Si le trépied symptomatique de l’anorexie mentale est aujourd’hui bien connu – Anorexie, Amaigrissement, Aménorrhée – il n’en est pas moins difficile à identifier. Surtout à ses débuts, car la maladie évolue le plus souvent à bas bruit. L’enjeu du repérage est de dépister le trouble alimentaire de façon précoce, c’est-à-dire avant même que les critères diagnostiques (DSM-5 ou CIM-10) ne soient remplis. S’agit-il de s’inquiéter de toute adolescente en plein régime ? Non. « Tout problème alimentaire ne veut pas dire trouble alimentaire. Plus un enfant est jeune et plus il exprime de choses sur le plan alimentaire », prévient le Dr Nathalie Godart.
« Il faut prendre au sérieux sans dramatiser ».
Si un tiers des ados en France déclare faire un régime, ou devoir en faire, le taux d’évolution vers une anorexie mentale est faible. Alors comment faire la part du normal et du pathologique ? D’abord, en recueillant le discours des parents, ensuite en interrogeant l’adolescente. Les recommandations HAS proposent au médecin traitant une liste de questions. Parmi celles-ci, « Avez-vous un problème avec votre poids ou avec votre alimentation ? ». Si la réponse est oui, l’examen clinique doit rechercher une perte de poids récente ou une cassure de la courbe de croissance. Autre élément à rechercher : l’utilisation ou non d’une méthode pour réguler le poids. Hyperactivité physique, vomissements et restriction alimentaire en sont les plus fréquentes. L’existence de l’un de ces comportements doit mettre la puce à l’oreille, surtout en cas de souffrance psychologique. Le Dr Nathalie Godart insiste : « Lorsqu’on constate que l’hyperactivité est surinvestie par l’adolescente et que ce comportement répond à des préoccupations pondérales excessives, il faut s’alerter. » Même chose pour les autres méthodes, qu’elles soient restrictives ou purgatives. Si une inquiétude clinique ou parentale s’exprime, la vigilance est de mise. « Il faut prendre au sérieux sans dramatiser », conseille-t-elle. La recette n’est autre qu’une bonne alliance thérapeutique. Revoir la patiente, réévaluer son état clinique à quelques jours ou semaines d’intervalle, surveiller le poids. Et surtout, informer et éduquer la patiente – et ses parents – sur les risques d’un tel comportement.

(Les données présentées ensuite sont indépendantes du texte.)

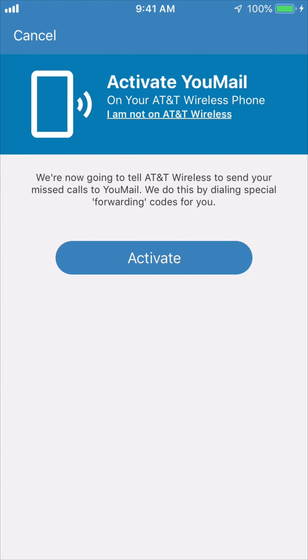On this next screen, you'll see your carrier listed and a blue button labeled activate. If the carrier is incorrect, click 'I am not on [carrier name].' If everything is correct, click activate.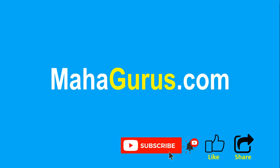You can find the link to the complete basics to advanced Excel tutorial in the description below, or you can visit MahaGurus.com to see lots of other software courses. Thank you.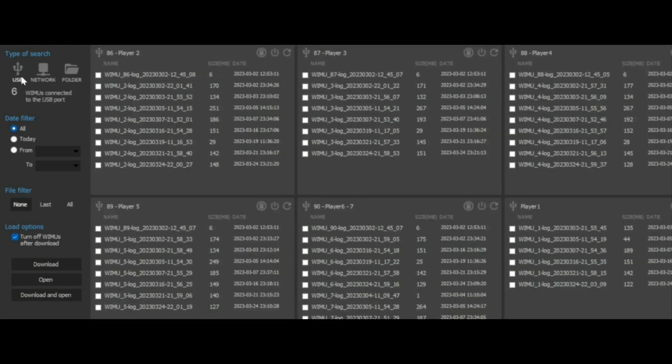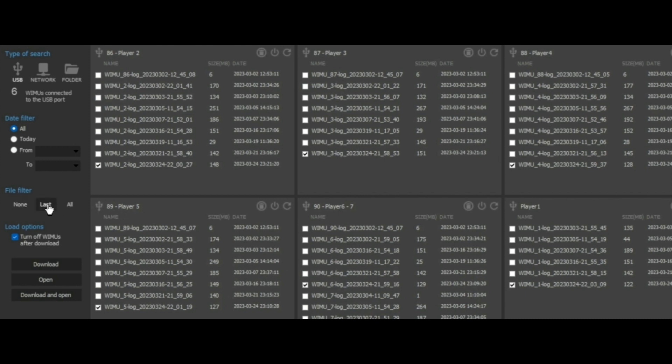Now all the files of the recognized devices will appear. We can either select one by one each file or use the last option to select the last recorded file of each device.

Une prise en charge pluridisciplinaire.
Lorsque les difficultés psychologiques l’emportent malgré cet accompagnement, la prise en charge doit se compléter rapidement d’un suivi psychologique. Un mot d’ordre : pluridisciplinarité. Avec deux intervenants minimum, l’un responsable du suivi psychologique, l’autre du suivi somatique, le suivi bifocal tire des bénéfices de sa complémentarité. C’est le cheval de bataille du Dr Nathalie Godart : « Même si l’anorexie mentale est une maladie psychiatrique, il est indispensable de surveiller le poids et les retentissements physiques. L’examen clinique fournit des éléments de réalité qui peuvent faciliter la prise de conscience du trouble. Il ne faut pas l’occulter. »

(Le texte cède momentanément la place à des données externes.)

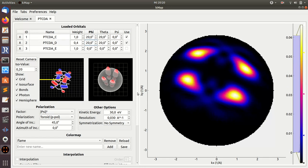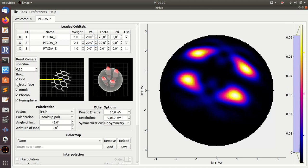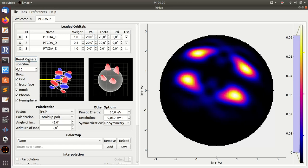What else can you do on this orbital data tab? For these preview images, you can switch on or off the isosurface in real space. You can also change the isosurface value if you like. You can show or not show the bonds of the molecule. You can also switch on and off the photon direction.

Cette position de somaticien est prise le plus souvent par le pédiatre ou le médecin traitant, également tenu pour responsable de l’orientation et de la coordination des soins. Il est en quelque sorte le garant d’une cohérence et d’une continuité dans les soins.

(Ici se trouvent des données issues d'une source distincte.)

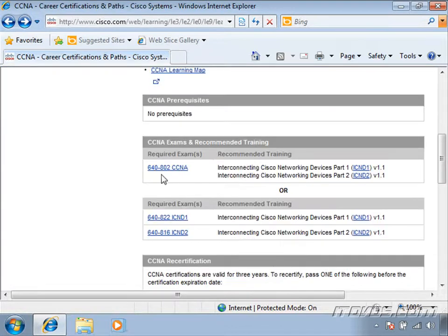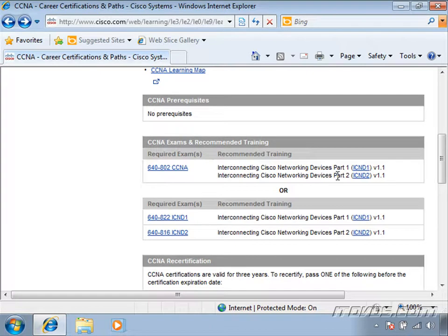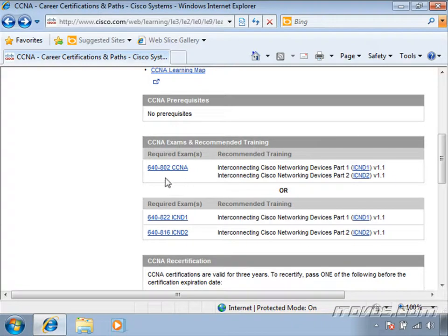This training is for the 640-802 CCNA test, which includes Interconnecting Cisco Networking Devices Part 1 and Part 2. You can actually take these parts separately with the 640-822 and 640-816 tests, but this training covers everything for the 640-802.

Une ligne téléphonique pour orienter.
Outre l’exigence d’un suivi bifocal, d’autres prises en charge pourront être associées au cas par cas. En tête de liste, les thérapies familiales et le suivi diététique pour avoir démontré leur intérêt clinique dans diverses études. En cas de doute clinique ou de difficultés d’orientation, une ligne téléphonique Anorexie Boulimie Info Écoute (cf encadré) répond aux questions des patients, des familles, et de leur médecin. À utiliser sans hésitation.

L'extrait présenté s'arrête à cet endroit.